Stored dataset items:
· · ·
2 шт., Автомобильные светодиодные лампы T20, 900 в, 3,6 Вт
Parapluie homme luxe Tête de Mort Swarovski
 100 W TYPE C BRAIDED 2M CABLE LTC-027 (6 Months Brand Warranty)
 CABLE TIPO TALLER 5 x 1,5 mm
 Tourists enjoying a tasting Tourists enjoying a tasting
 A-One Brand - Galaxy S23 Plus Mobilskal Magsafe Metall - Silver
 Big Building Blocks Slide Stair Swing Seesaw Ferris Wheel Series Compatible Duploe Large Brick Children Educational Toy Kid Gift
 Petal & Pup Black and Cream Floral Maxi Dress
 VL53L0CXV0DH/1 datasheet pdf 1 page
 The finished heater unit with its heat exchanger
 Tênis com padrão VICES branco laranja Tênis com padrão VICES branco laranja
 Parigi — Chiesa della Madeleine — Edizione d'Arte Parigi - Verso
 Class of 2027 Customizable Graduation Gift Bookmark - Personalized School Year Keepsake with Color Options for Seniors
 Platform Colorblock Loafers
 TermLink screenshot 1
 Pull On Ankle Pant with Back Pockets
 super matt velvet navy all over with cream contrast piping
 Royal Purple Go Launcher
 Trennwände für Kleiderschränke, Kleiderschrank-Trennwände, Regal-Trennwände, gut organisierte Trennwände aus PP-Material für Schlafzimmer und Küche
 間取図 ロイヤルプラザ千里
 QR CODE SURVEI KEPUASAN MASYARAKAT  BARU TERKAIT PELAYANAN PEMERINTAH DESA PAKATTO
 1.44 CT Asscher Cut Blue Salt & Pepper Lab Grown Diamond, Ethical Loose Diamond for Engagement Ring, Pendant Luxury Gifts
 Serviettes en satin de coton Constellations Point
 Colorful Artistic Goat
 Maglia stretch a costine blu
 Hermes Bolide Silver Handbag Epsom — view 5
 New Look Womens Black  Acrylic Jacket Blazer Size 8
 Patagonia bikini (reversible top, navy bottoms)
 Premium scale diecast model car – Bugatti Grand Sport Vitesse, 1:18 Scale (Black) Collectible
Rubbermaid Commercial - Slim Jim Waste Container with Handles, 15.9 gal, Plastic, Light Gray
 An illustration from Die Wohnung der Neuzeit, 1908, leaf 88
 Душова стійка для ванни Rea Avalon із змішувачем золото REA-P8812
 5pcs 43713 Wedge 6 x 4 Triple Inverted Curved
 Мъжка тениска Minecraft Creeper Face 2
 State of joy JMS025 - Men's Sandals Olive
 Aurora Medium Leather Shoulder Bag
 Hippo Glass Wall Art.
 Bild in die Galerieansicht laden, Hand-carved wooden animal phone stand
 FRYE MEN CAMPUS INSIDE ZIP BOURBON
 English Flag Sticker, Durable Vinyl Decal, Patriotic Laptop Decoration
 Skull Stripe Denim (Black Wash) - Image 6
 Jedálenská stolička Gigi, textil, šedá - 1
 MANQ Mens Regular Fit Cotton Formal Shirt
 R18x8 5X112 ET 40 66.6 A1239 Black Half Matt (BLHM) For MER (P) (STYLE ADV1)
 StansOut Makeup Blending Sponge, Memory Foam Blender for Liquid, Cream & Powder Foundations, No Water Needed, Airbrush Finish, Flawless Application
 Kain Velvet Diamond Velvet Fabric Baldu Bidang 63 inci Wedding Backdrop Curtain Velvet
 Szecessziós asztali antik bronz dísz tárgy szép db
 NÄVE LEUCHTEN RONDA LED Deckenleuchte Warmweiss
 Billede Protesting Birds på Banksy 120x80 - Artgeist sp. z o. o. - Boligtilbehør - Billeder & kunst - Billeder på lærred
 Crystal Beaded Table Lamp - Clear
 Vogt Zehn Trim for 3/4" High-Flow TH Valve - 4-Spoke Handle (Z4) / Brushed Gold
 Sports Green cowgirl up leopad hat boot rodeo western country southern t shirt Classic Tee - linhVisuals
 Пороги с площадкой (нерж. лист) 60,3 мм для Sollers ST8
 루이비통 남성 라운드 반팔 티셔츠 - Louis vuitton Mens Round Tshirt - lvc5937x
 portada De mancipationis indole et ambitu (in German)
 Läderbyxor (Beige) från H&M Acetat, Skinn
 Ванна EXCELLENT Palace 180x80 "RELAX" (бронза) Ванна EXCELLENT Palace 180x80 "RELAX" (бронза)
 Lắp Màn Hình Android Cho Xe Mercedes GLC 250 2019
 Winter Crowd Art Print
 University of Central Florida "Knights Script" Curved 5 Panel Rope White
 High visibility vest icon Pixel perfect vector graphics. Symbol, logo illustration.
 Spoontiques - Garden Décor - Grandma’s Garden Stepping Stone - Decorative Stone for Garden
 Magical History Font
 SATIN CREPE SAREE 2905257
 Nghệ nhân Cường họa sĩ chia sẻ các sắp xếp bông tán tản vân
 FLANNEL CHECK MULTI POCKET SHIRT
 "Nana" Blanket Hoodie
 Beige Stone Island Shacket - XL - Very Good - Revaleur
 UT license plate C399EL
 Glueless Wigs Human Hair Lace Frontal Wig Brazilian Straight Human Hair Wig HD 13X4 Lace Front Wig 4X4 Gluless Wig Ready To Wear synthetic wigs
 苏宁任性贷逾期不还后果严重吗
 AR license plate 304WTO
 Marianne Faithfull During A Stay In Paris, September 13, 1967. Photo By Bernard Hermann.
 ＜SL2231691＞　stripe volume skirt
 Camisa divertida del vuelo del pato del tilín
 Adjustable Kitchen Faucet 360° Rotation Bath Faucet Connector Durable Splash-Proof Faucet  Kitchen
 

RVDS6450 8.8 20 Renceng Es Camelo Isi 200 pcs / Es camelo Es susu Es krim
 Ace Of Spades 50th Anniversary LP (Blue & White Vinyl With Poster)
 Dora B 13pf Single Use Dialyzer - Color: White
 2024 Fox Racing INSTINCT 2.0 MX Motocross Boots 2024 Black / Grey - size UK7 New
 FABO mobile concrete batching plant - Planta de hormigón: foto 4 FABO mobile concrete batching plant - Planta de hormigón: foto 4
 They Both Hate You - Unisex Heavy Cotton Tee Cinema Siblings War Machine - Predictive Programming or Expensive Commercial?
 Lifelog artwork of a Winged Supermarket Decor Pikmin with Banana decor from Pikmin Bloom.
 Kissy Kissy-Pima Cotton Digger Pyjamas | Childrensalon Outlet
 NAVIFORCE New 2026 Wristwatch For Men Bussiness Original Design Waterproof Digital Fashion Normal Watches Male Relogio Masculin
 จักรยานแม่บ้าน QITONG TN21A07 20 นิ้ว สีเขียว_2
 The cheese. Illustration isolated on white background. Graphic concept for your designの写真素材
· · ·
What to produce >>
Look above for the line containing "New Look Womens". Output from there through the line containing "portada De mancipationis", exactly and inclusively.

Output of the exercise >>
 New Look Womens Black  Acrylic Jacket Blazer Size 8
 Patagonia bikini (reversible top, navy bottoms)
 Premium scale diecast model car – Bugatti Grand Sport Vitesse, 1:18 Scale (Black) Collectible
Rubbermaid Commercial - Slim Jim Waste Container with Handles, 15.9 gal, Plastic, Light Gray
 An illustration from Die Wohnung der Neuzeit, 1908, leaf 88
 Душова стійка для ванни Rea Avalon із змішувачем золото REA-P8812
 5pcs 43713 Wedge 6 x 4 Triple Inverted Curved
 Мъжка тениска Minecraft Creeper Face 2
 State of joy JMS025 - Men's Sandals Olive
 Aurora Medium Leather Shoulder Bag
 Hippo Glass Wall Art.
 Bild in die Galerieansicht laden, Hand-carved wooden animal phone stand
 FRYE MEN CAMPUS INSIDE ZIP BOURBON
 English Flag Sticker, Durable Vinyl Decal, Patriotic Laptop Decoration
 Skull Stripe Denim (Black Wash) - Image 6
 Jedálenská stolička Gigi, textil, šedá - 1
 MANQ Mens Regular Fit Cotton Formal Shirt
 R18x8 5X112 ET 40 66.6 A1239 Black Half Matt (BLHM) For MER (P) (STYLE ADV1)
 StansOut Makeup Blending Sponge, Memory Foam Blender for Liquid, Cream & Powder Foundations, No Water Needed, Airbrush Finish, Flawless Application
 Kain Velvet Diamond Velvet Fabric Baldu Bidang 63 inci Wedding Backdrop Curtain Velvet
 Szecessziós asztali antik bronz dísz tárgy szép db
 NÄVE LEUCHTEN RONDA LED Deckenleuchte Warmweiss
 Billede Protesting Birds på Banksy 120x80 - Artgeist sp. z o. o. - Boligtilbehør - Billeder & kunst - Billeder på lærred
 Crystal Beaded Table Lamp - Clear
 Vogt Zehn Trim for 3/4" High-Flow TH Valve - 4-Spoke Handle (Z4) / Brushed Gold
 Sports Green cowgirl up leopad hat boot rodeo western country southern t shirt Classic Tee - linhVisuals
 Пороги с площадкой (нерж. лист) 60,3 мм для Sollers ST8
 루이비통 남성 라운드 반팔 티셔츠 - Louis vuitton Mens Round Tshirt - lvc5937x
 portada De mancipationis indole et ambitu (in German)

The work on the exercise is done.